By Scarlett Gathings Shepherd, Governor, 2016 – 2018

Company Governors Assemble at 2018 Meeting. Governor Scarlet Gathings Shepherd is in white at left center.

The 2018 Jamestowne Society National Conference was held May 10 – 12, 2018, at the Kingsmill Resort in Williamsburg. This was a new venue for our Society functions as we previously met at the Williamsburg Lodge in Williamsburg. This resort is in a gated community and is a golf resort.

The Governors Wine and Cheese event on Jamestowne Island:
Jim Shepherd (FCC Historian ), Anne Stokes Moore (Society Historian and Chairman of Special Events), David Givens (Senior Staff Archaeologist-Jamestown Rediscovery- Preservation Virginia), Richard Bradley (Lt. Gov. First Mississippi), Bonnie Hofmeyer (Executive Director- Jamestowne Society)

 

 

Thursday, May 10 there was a Wine and Cheese event hosted for company governors and one guest per governor at the Dale House Cafe and Archearium on Jamestown Island for guests to mingle with one another as well as with archaeologists and national Society Council members. David Givens, senior staff archaeologist, showed a plaque of wood, which will be used for the pews in the restored church. He explained that when he was in England, he measured pews in several old churches, taking into consideration that the average Englishman in yesteryear would have been smaller. There were many such discussions amongst the guests and everyone was delighted to see Dr. Kelso and have him sign his book, Kingsmill Plantations, which was gifted to all attendees at the conference by Jamestowne Society.

Recognition of Society members who are military veterans. FCC Historian Jim Shepherd is in white shirt standing at extreme left

The governors’ business meeting was held at the resort on Friday, May 11. Seven of our elected national officers, six Regional Directors and thirty-six of the fifty-three companies from across the country were represented. Past Governor Jerry Zillion introduced the Jamestowne Society military veterans who were present at the meeting.

Besides being provided important leadership information, there were break out group discussions led by Regional Directors. Our Western Regional Director is Jane “Xan” Alexander. Later there was a chance for input or questions for the entire group. Some of the items discussed were to start the membership process, their Society sponsor (a member) would contact Bonnie Hofmeyer to ask that an invitation be sent to a prospective member. However, Bonnie recommends that the invitation not be requested until the prospective member has their papers in order. As always, the one-year limit exists and if the application is not sent in within the year, there will be a penalty assessed. The only exception to the rule is if the Society has made an error. Unofficially, many Governors have their membership chairs assist prospective members with their papers. Please note: only the 4th edition of Adventurers of Purse and Person are now accepted and these are not normally found in libraries.

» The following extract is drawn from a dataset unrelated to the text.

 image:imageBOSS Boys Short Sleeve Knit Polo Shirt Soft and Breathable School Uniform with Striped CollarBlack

The Society has confirmed over 900 names of individuals who meet its 17th century ancestry criteria and are listed among its Qualifying Ancestors. On the Society’s Home page, click on the link for the Revolutionary War Era couples to Jamestowne Society Qualifying Ancestor project list, last updated May 2017.

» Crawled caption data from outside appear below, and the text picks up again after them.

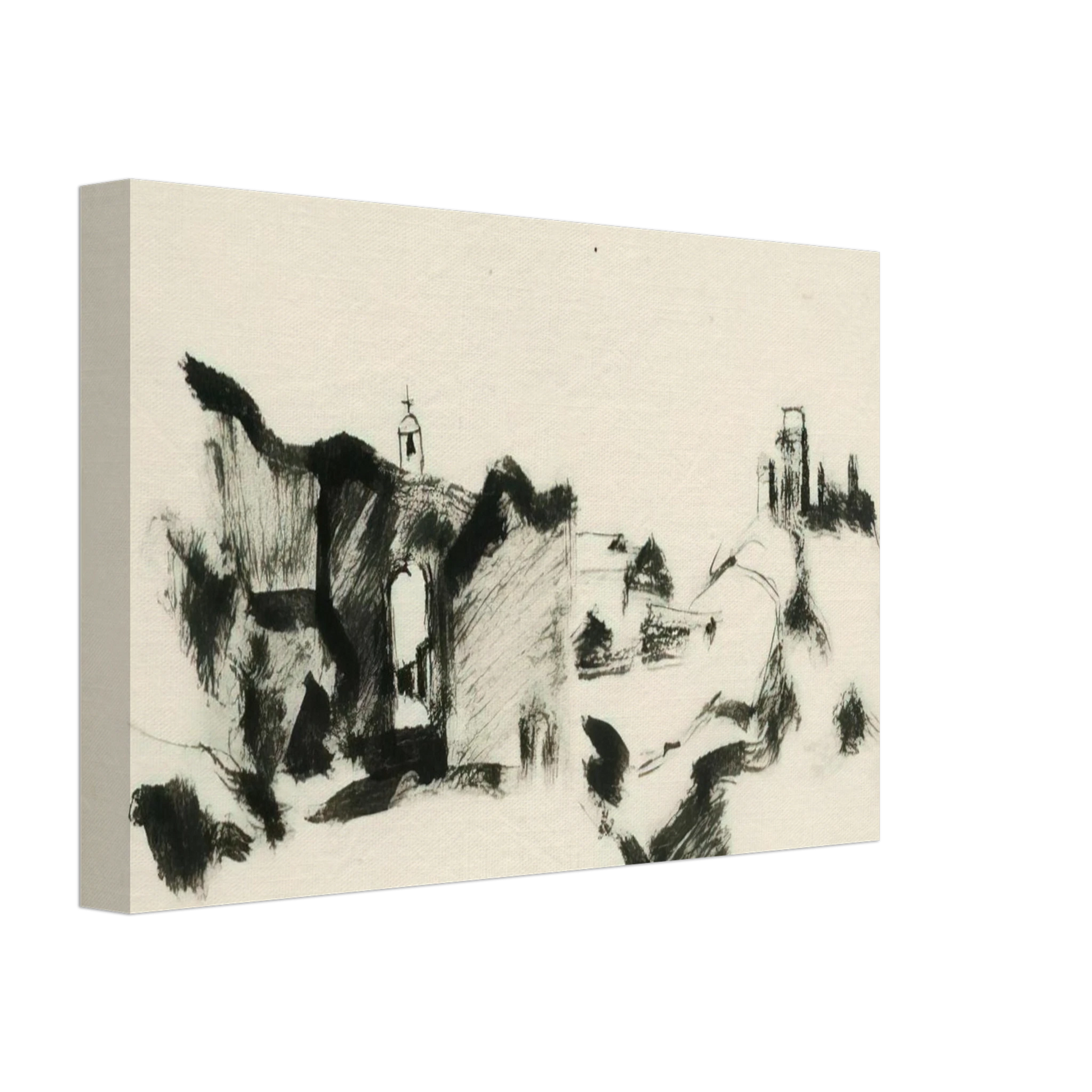 Julius Bissier - Assisi 35, marzo - 1935 Canvas - 70x100 cm / 28x40 inches-canvas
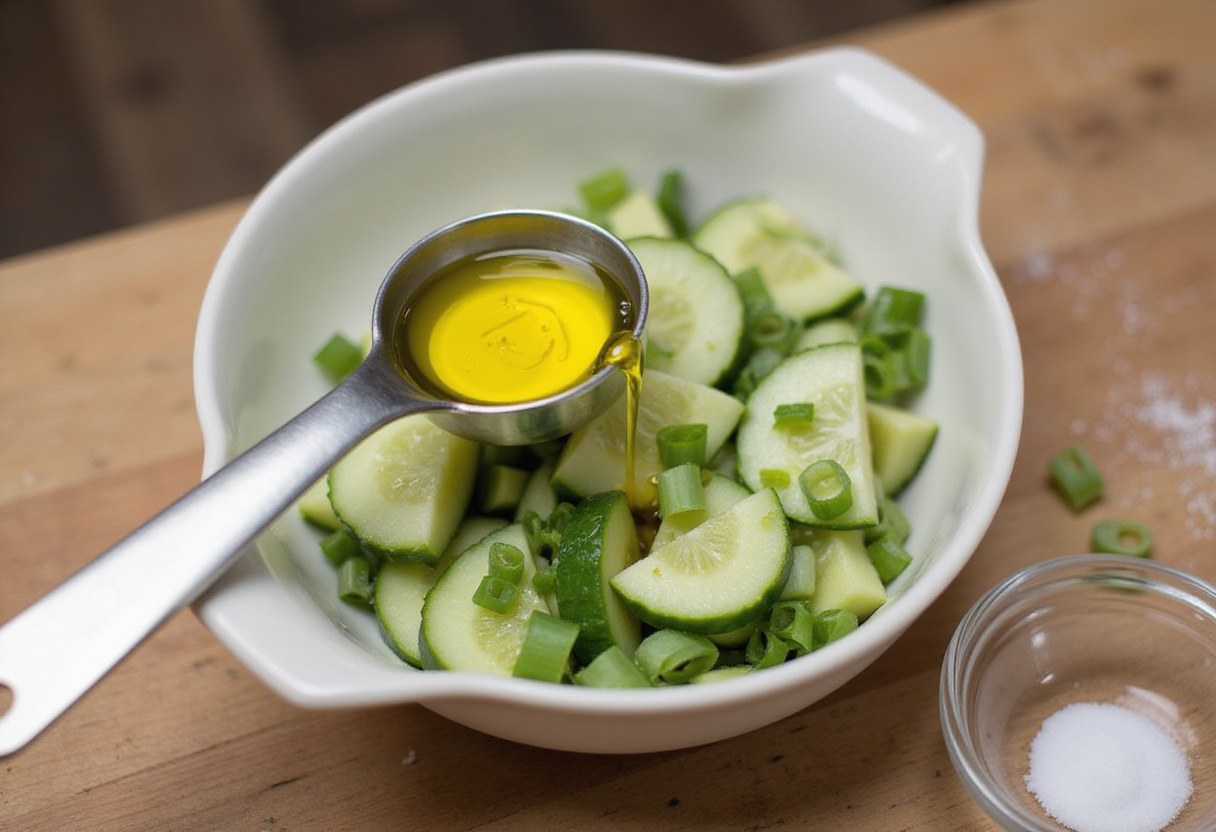 Añadiendo aceite de oliva a la ensalada de pepino y cebollín.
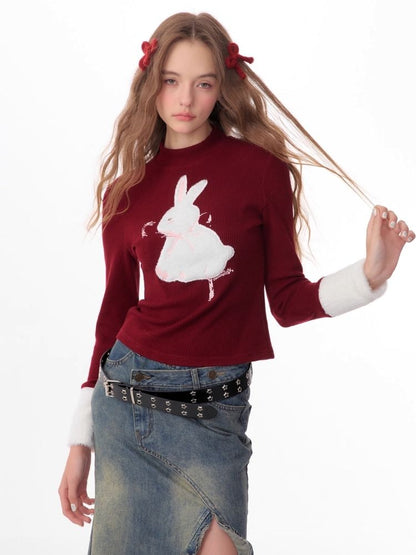 Plush Rabbit Red Bottom Knit Sweater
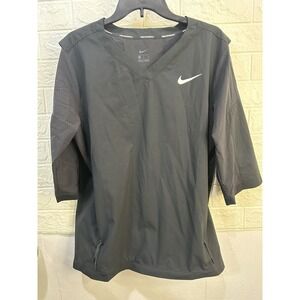 Nike Baseball 3/4 Sleeve Pullover Wind Breaker Shirt Cage Jacket 897383 Size M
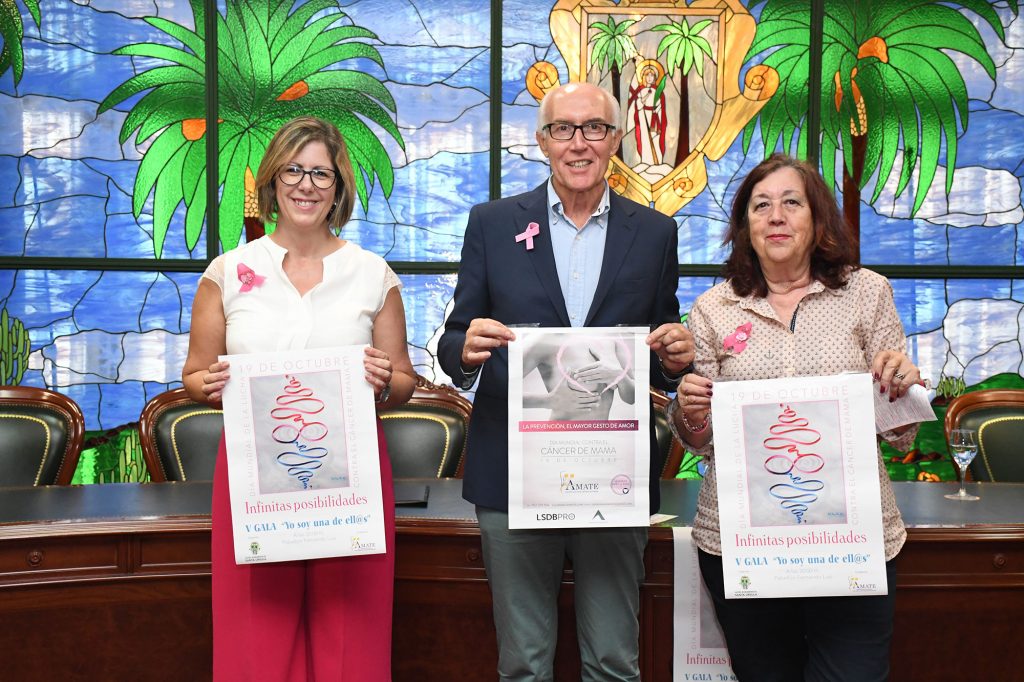 Efigenia González, Juan Acosta y Carmen Bonfante presentaron ayer el programa de actividades con motivo del Día Mundial de Lucha contra el Cáncer de Mama. DA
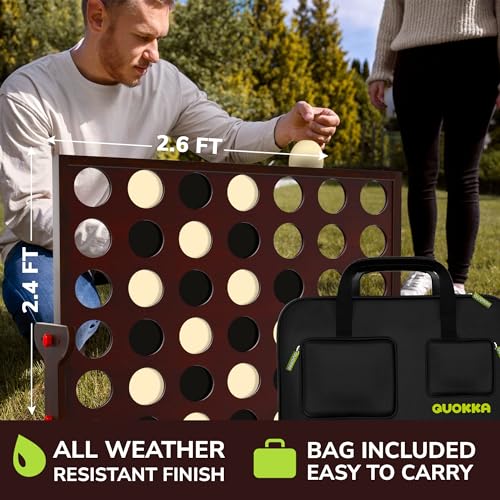 Superset 4 in 1 gigante quattro di fila per collegare gioco all'aperto - Gioco da cortile in legno per adulti - | Grandi scacchi e dama | Tic Tac Toe in legno | per tutte le stagioni | - Festa in - immagine 8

Susan McCrobie, the Jamestowne Society Magazine editor, advised that each company may submit via email two news articles per calendar year for publication in the Society Magazine, which are limited to 200 words. The name of the company, city and state must be included in the Word document. Also, a photo caption and only one photo may accompany each article. At the end include the name of the company governor and the name as well as email address of the person submitting the article. Jamestownesocietypublications@gmail.com and also Jamestowne.society@verizon.net

Questions: contact Susan at susanmccrobie@gmal.com

Please send upcoming company events to Jamestowne.society@verizon.net for posting on the Company event webpage at www.jamestowne.org.

Also, please refer members and prospective members to the website to keep up with future happenings.

During the business meeting, there was a discussion about the Annual Giving Campaign and where the money goes. Preservation Virginia, which is a non-profit organization was mentioned as needing funds as well as Jamestown Rediscovery. Everyone was given the same handout that we all were mailed. As this is aimed at individual members, Jim and I have chosen and donated $100.00 to the Harrison Ruffin Tyler unrestricted fund. From discussions, we learned that the unrestricted funds are easier to manage meeting the needs of various current and future projects.

The Reverend Roy Abbott Martin Jr, Governor of Jamestowne Society, encouraged members to get involved by filling out volunteer forms, indicating their talents and interests. Check the Magazine for the committee chairs and send your email to the Society.

Mary Anna Richardson, Lead Archaeologist Jamestown Church- Jamestown Rediscovery gave a special talk re her recent activities.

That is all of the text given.